Kemi Badenoch has demanded to know if licence-fee cash was given to Hamas terrorists during the making of a controversial BBC documentary.
The Tory leader hit out at corporation boss Tim Davie over last week’s BBC2 film narrated by the son of a Hamas official.
In an excoriating letter, seen by the Daily Mail, Mrs Badenoch called for an inquiry into any ‘potential collusion with Hamas’ and ‘the possibility of payment’ to terrorists.
The BBC could not answer her question last night, and is understood to be carrying out ‘further due diligence’ on how the programme was made.
Mrs Badenoch also said apparent bias in the BBC’s reporting of the conflict was not an ‘isolated incident’ and any review must root out the ‘systemic and institutional bias against Israel’.
She even threatened to pull her party’s support for the licence fee if there wasn’t ‘serious action’, making clear that senior BBC executives should be part of any investigation.

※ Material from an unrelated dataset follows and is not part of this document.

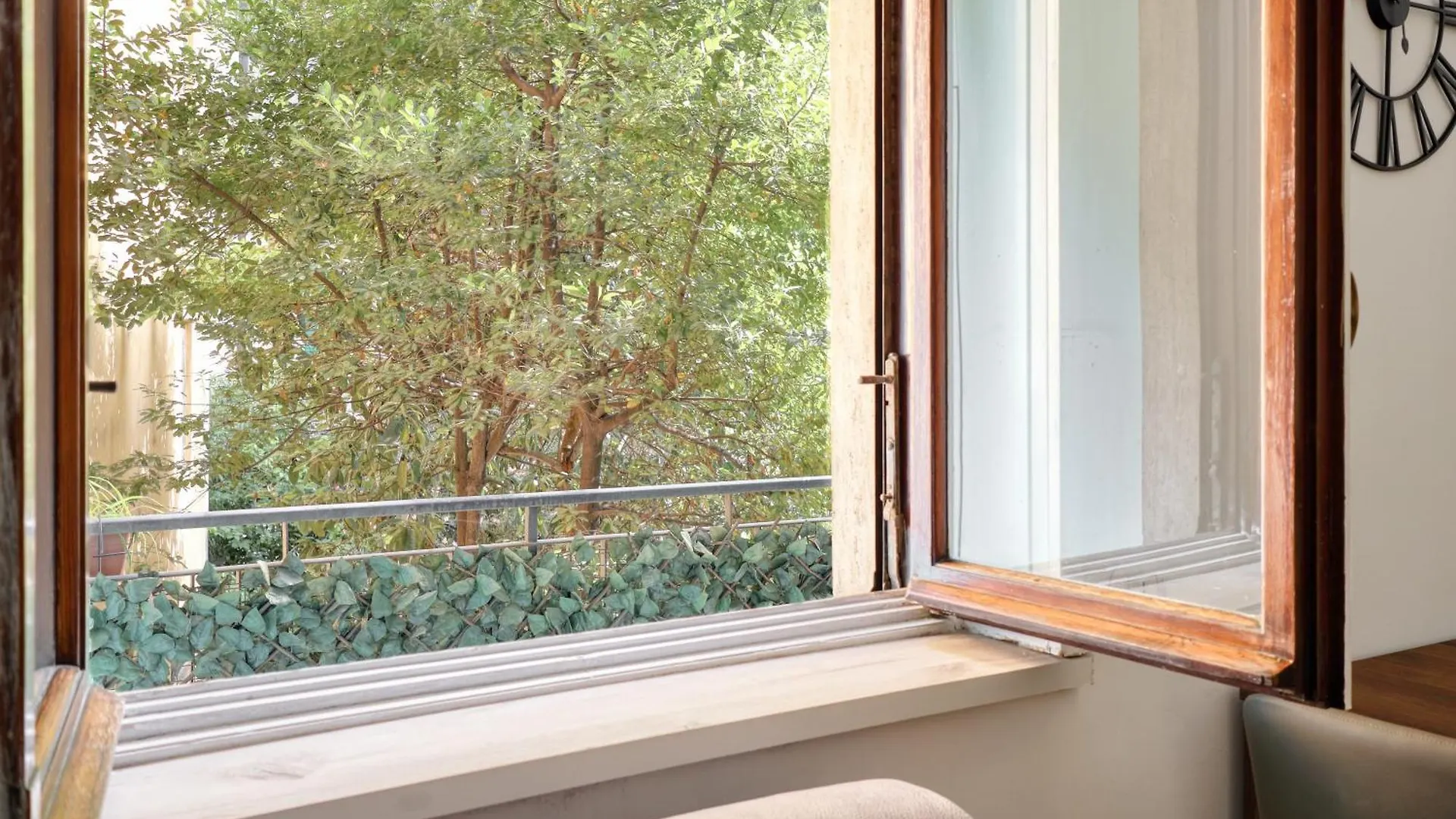 Joivy Stunning Flat Near Pinacoteca Di Brera Apartment Milan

Amid a political storm over its alleged anti-Israel bias, the corporation was forced to apologise after it emerged that Abdullah – the child narrator of Gaza: How to Survive a Warzone – was the son of Ayman Alyazouri, the deputy minister of Hamas’s agriculture ministry.
The BBC initially tried to defend the programme, and pointed the finger at London-based production company Hoyo Films for not telling it about the Hamas link.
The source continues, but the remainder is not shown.